Over time, the definition evolved and you can find several variations in general use among economists. The National Bureau of Economic Research’s (NBER) definition is representative: “a significant decline in economic activity that is spread across the economy and lasts more than a few months.” There is no serious dispute among economists that this, or something like it, is the definition of a recession. You can find some sloppy descriptions in some intro textbooks that say or suggest otherwise, but I have news for you: Your textbooks were full of incorrect and sloppy things that are there so your professor could take a shortcut around the more-complicated correct thing, or because the author was just being sloppy.

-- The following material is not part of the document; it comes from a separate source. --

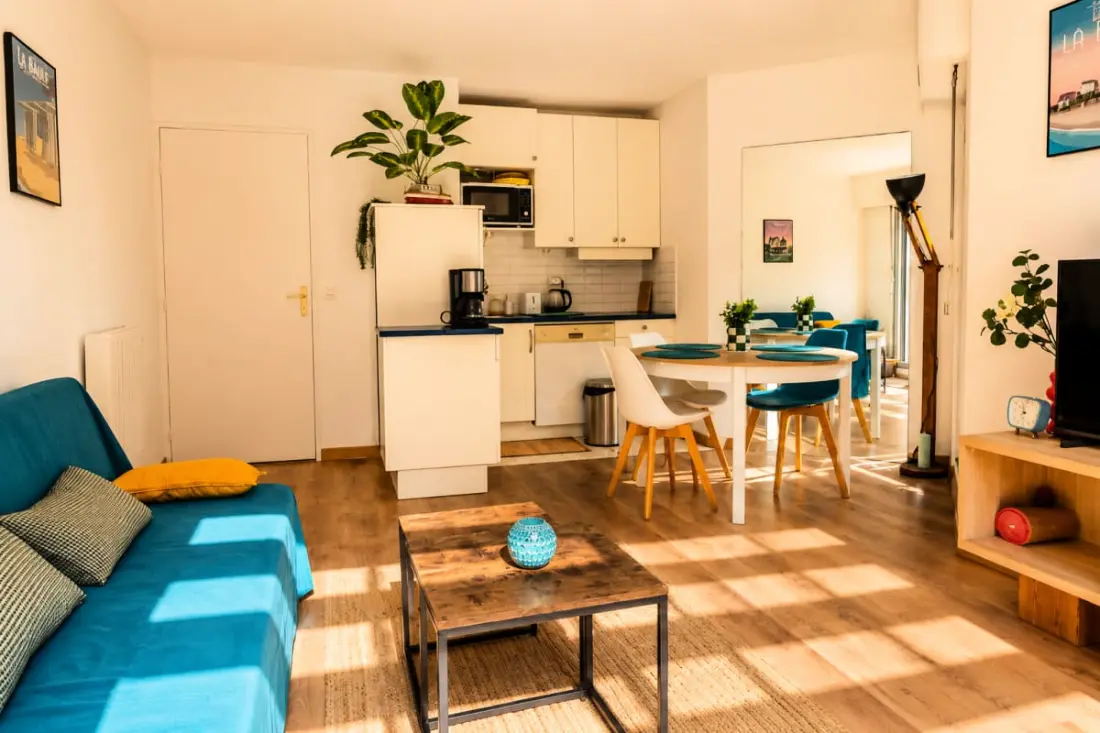 Piscine, 3 Balcons &amp; Parking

Although there is no serious dispute about the definition, there has been and continues to be disputes about how to implement the definition. The NBER has a business cycle dating committee that uses a holistic approach taking into account a broad range of variables with no specific rules on how to use them. To obtain monthly turning points, they use:
(R)eal personal income less transfers, nonfarm payroll employment, employment as measured by the household survey, real personal consumption expenditures, wholesale-retail sales adjusted for price changes, and industrial production. There is no fixed rule about what measures contribute information to the process or how they are weighted in our decisions. In recent decades, the two measures we have put the most weight on are real personal income less transfers and nonfarm payroll employment.

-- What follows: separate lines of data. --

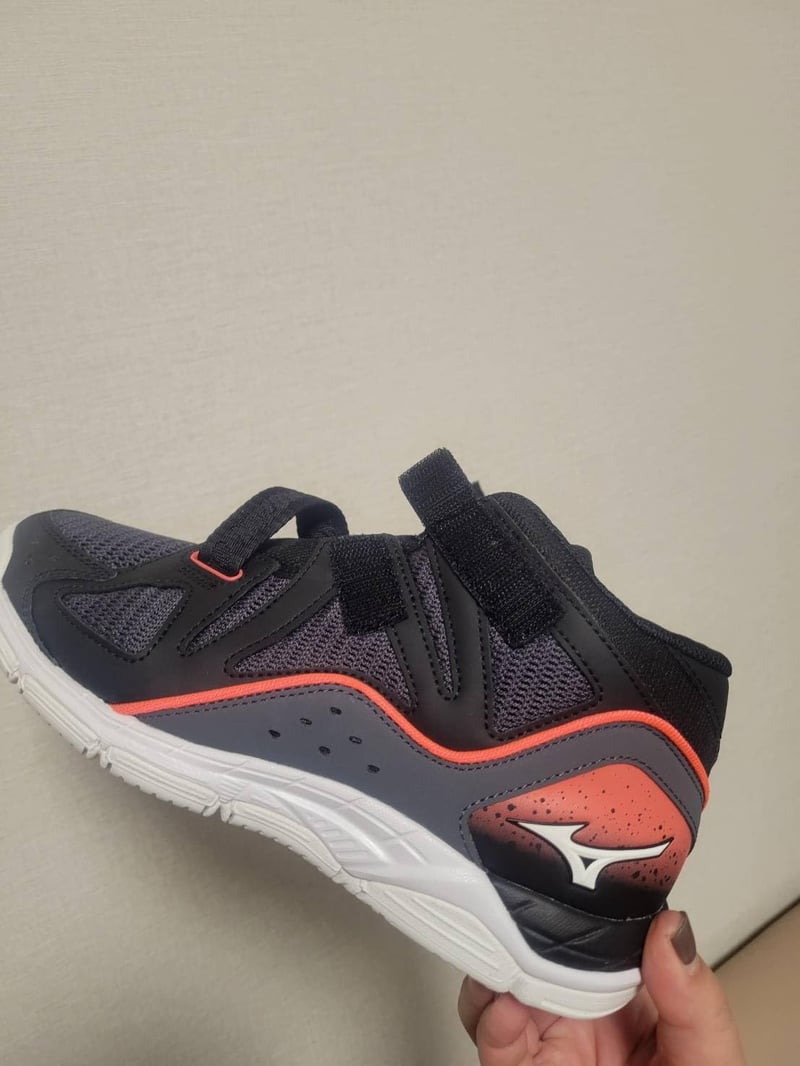 ウエーブアルテミス5 WIDE バレーボールシューズ 軽量 幅広 屋内用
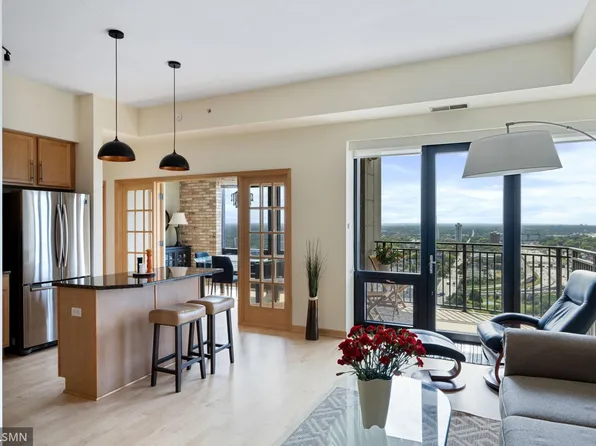 500 E Grant St APT 2506, Minneapolis, MN 55404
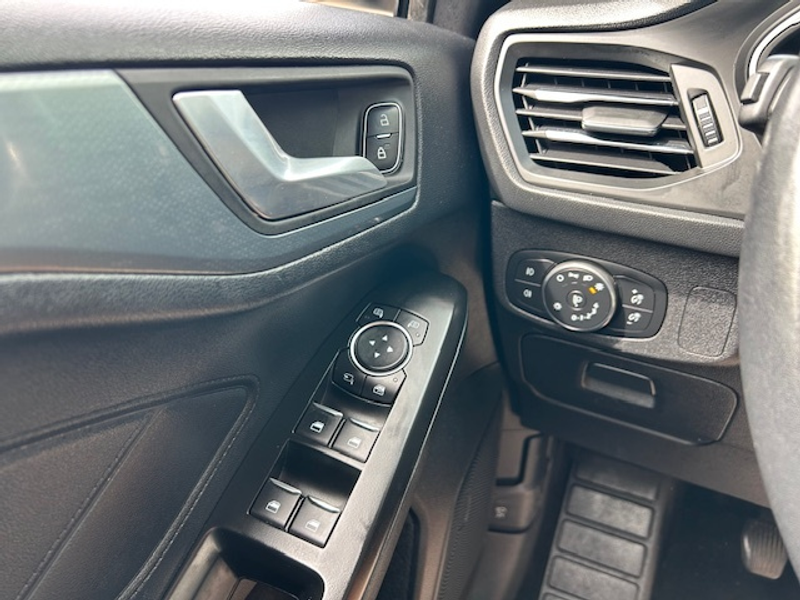 Ford Focus 1.0 EcoB. Active Bns STOELVW STUURVW CAMERA NAP! — photo 23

Separately, they determine quarterly turning points using the quarterly averages of these variables alongside real GDP, which is not available monthly.
There is a largish literature that has tried to replace the committee approach with a rules-based approach that can be replicated and applied consistently over time. For example, the Bry-Boschan algorithm applied to quarterly GDP says that a peak quarter (the last quarter of expansion) is one for which the level of real GDP is higher than the previous two quarters and the subsequent two quarters. A symmetric rule is applied to obtain the trough (the last period of recession).
A second alternative to the NBER is the Markov-switching approach of Jim Hamilton, which is applied to real GDP growth. Put simply, it splits the data into high and low growth phases (expansion and recession), each with its own average growth rate. If a quarter’s growth rate is closer to the estimated recession growth rate, it is potentially a recessionary quarter. The algorithm considers whether neighboring quarters also tend to be close to the low growth rate.
The Bry-Boschan and Markov-switching approaches are the two most common alternatives to the NBER, and they have their strengths and weaknesses. Nevertheless, the NBER committee and its recession dates have taken on officialish status. It is not an exaggeration to say that whenever an economist inside or outside government refers to a recession in the US, he or she is almost certainly using the NBER recessions. There is no serious alternative to them for the United States.
Related to economists’ approach to recessions is a rule of thumb suggested in the 1970s by Julius Shiskin. The Shiskin rule is that a recession occurs whenever there are two consecutive quarters of negative real GDP growth. I don’t know how this rule of thumb came to be called the definition of recession in the press and in some dictionaries, but it is not economists’ definition of a recession. For one thing, the definition is as above, and the Shiskin rule is meant to be a way of implementing the definition. It is not intended as a definition itself. Second, it just isn’t generally used by economists except as a red flag that a recession might be happening. As far as I know, no one collects the dates from the Shiskin rule to study the business cycle, which is what happens with the NBER dates. The Shiskin rule dates are not posted in any data repositories like FRED at the St. Louis Fed. The NBER dates and the Markov-Switching dates are, however. In short, there is no evidence that the Shiskin rule has any widespread use among economists for determining recessions.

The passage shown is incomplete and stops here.